Up to 625 hectares of public land in London could be released for disposal or development by the end of Boris Johnson’s mayoral term in 2016 by the GLA, the capital’s largest public landowner.
That is according to Richard Blakeway, the GLA’s deputy mayor for housing, land and property, speaking at a special conference run by the NLA this morning which looked at the release of development land for the capital.
Blakeway said that it was “vital” to have an “outcome” – most likely through disposals and getting a development partner in place by 2016, and the GLA will also shortly be revealing “emerging and exciting plans” for the water it owns in London too, equivalent to the size of the Olympic Park.
To aid the process, Blakeway said that the GLA intends to publish a list of all its assets, along with its aims for those sites, adding transparency and to enable more developers to better approach it with particular ideas and schemes. The move will add “oxygen” to the process, and it would be “fantastic” if the system could be extended beyond the “GLA Group”, added Blakeway. The GLA also intends to set up a Single Property Unit to encompass the whole of the GLA Group to ensure its actions fit with mayoral commitments such as the establishment of Free Schools, for example, with another outcome being able to “connect up” portfolios. Lastly, it hopes to simplify and speed up procurement through the use of a London framework panel in place for the next financial year. “There is some fantastic work being done” said Blakeway. “London could really lead the way in what it does.”
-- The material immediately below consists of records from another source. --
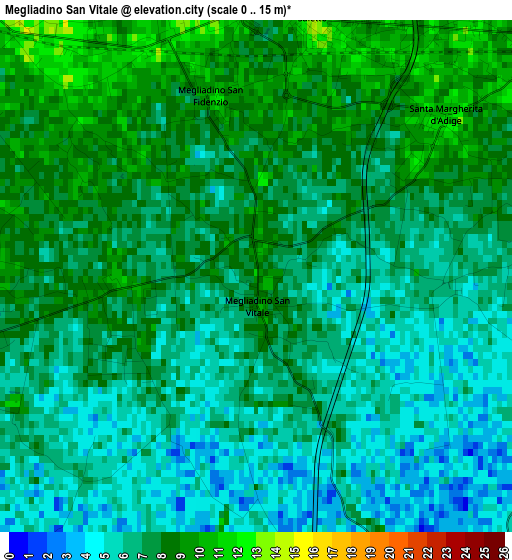 Megliadino San Vitale elevation map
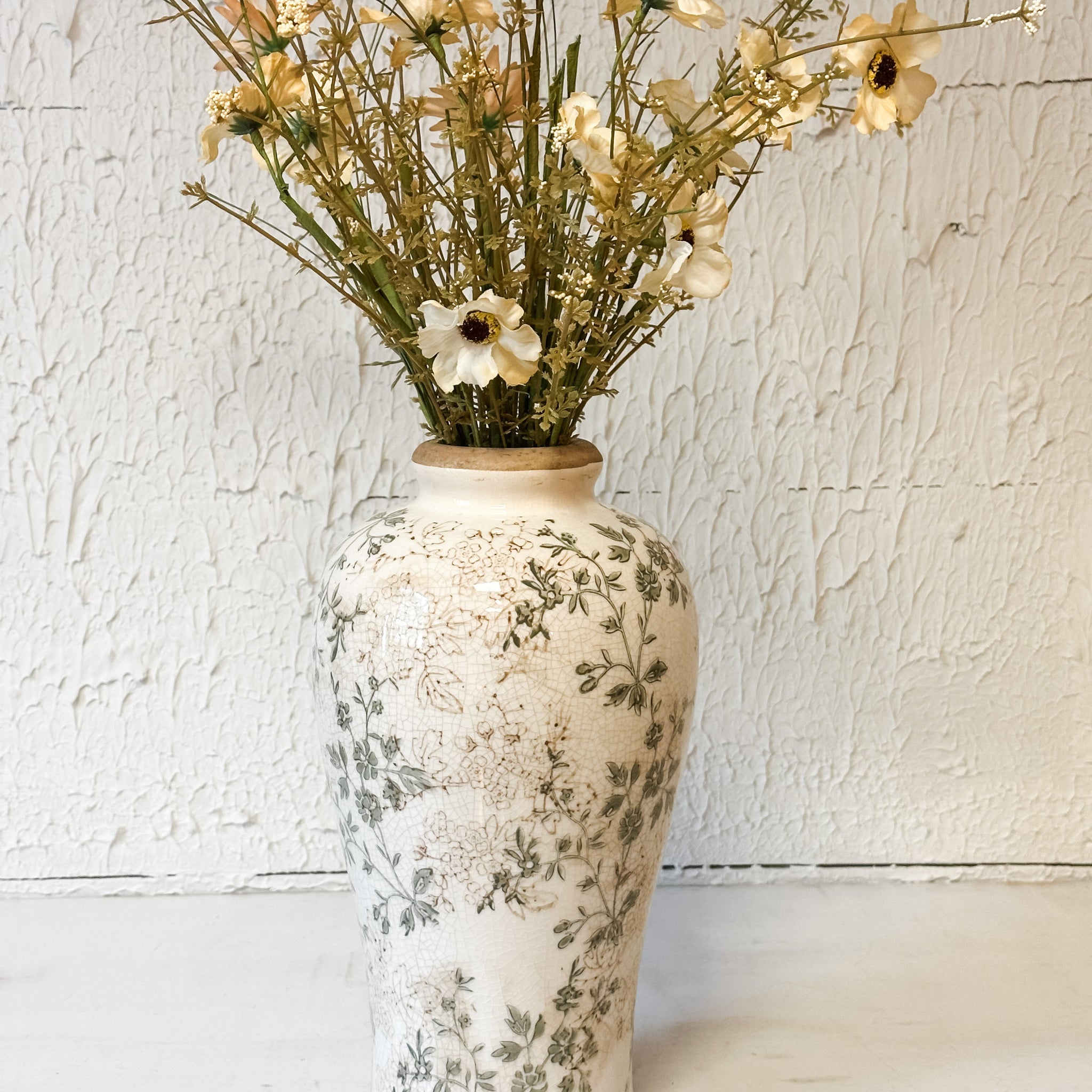 Taupe & Green Floral Vase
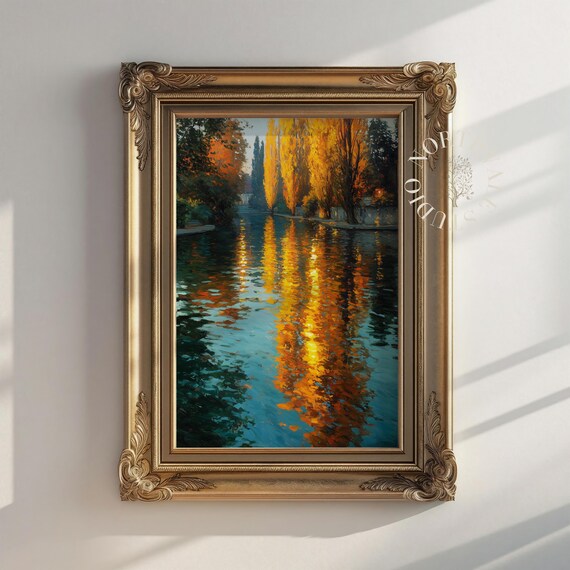 Autumn River Golden Poplar Reflections Vintage Landscape Print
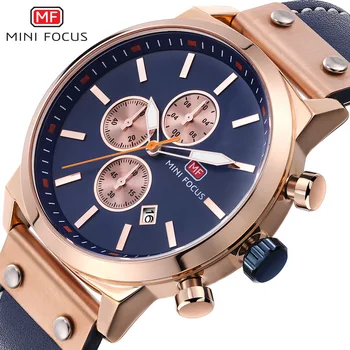 

MINI FOCUS 2019 Luxury Men Sport Watch Waterproof Genuine Leather Quartz Wristwatch Mens Chronograph Military Watches Men Blue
The Government is another major public landowner – in fact the largest landlord and tenant in the country – with the MOD owning 1 per cent of all land and the value of government’s estate coming in at £370 billion. It owns just under 10 million square feet, said the Government Property Unit’s head of regional strategy Sherin Aminossehe, or the equivalent of “100 empty Shards placed next door to one another”. Aminossehe detailed the range of actions government is adopting to rationalise its estate, but emphasised that these are not just to save money but look at new ways of working. One such example was of an office building in Croydon which was used as one of 20 “hubs” dotted around outer London for civil servants during the Olympics. The fit-out was just £6,000 and it will be in operation until November.
The GPU’s director of London strategy, Judith Armitt, said London accounts for around 1 million sq ft, but that by 2020, the estate could be down to 50% of the 2010 level by area. Rationalising poorly performing buildings will help sustainability, but this programme was less about the buildings and more about what happens in those buildings and elsewhere, she said.
A majority of the boroughs are getting back into building, said London Councils’ head of housing and planning Nigel Minto, albeit at around 25-100 properties a year at the average borough rather than the large estates of the 1960s. An estimated 117,000 homes could be built on total public land but Minto said it was difficult to to get any precise information on where the land is – a central database will undoubtedly help.
The conference also heard from those with a key interest in making public/private partnerships work to release value from sites. They included Neil Webster of Cyclo Consulting, who said there was now more openness and accessibility about the Met Police’s estate, and LB Hackney Deputy Mayor Karen Alcock, who outlined her plans to meet the defining issue in the borough – housing. “We have taken a view we need to take advantage ourselves”, she said. “We can no longer just depend on our traditional partners”. Hackney has embarked on delivering private and affordable housing with schemes like Alexandra National House opposite Finsbury Park.
Bennetts Associates director Julian Lipscombe showed what can be done to “unlock the dilemma” faced by local authorities with ageing premises, creating new accommodation as part of a wider regeneration scheme, such as at the practice’s scheme at Bexley. And Martyn Evans, Creative director of Cathedral Group, showed what could be achieved on projects like Clapham One, with its library, surgery and leisure centre. Or at Sittingbourne, where the developer is again working to provide public facilities with little or no strain on the public purse. It all needs entrepreneurialism, more creative answers to the problems, and drawing on the expertise within local authorities.
Finally, One Housing Group director Kevin Beirne showed how similar principles could help unlock the NHS estate, which is valued at £6.6bn in London, on more than 2,000 sites, operated by 71 different NHS franchises. Beirne believe that the PropCo being set up in 2013 will speed up disposals, probably down the traditional route, but the key is having a less “rigid” approach to procurement. Through a JV approach, new homes could be unlocked for London with community-based health services, said Beirne.